This example demonstrates distilltion on CMRC 2018 task, and using DRCD dataset as data augmentation.
- run_cmrc2018_train.sh : trains a treacher model (roberta-wwm-base) on CMRC 2018.
- run_cmrc2018_distill_T3.sh : distills the teacher to T3 with CMRC 2018 and DRCD datasets.
- run_cmrc2018_distill_T4tiny.sh : distills the teacher to T4tiny with CMRC 2018 and DRCD datasets.
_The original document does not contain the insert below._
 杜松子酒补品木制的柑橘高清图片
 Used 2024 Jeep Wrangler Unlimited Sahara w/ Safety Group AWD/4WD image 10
Set the following variables in the shell scripts before running:
- BERT_DIR : where RoBERTa-wwm-base stores,including vocab.txt, pytorch_model.bin, bert_config.json
- OUTPUT_ROOT_DIR : this directory stores logs and trained model weights
- DATA_ROOT_DIR : it includes CMRC 2018 and DRCD datasets:
- ${DATA_ROOT_DIR}/cmrc2018/squad-style-data/cmrc2018_train.json
- ${DATA_ROOT_DIR}/cmrc2018/squad-style-data/cmrc2018_dev.json
- ${DATA_ROOT_DIR}/drcd/DRCD_training.json
- The trained teacher weights file trained_teacher_model has to be specified if running run_cmrc2018_distill_T3.sh or run_cmrc2018_distill_T4tiny.sh.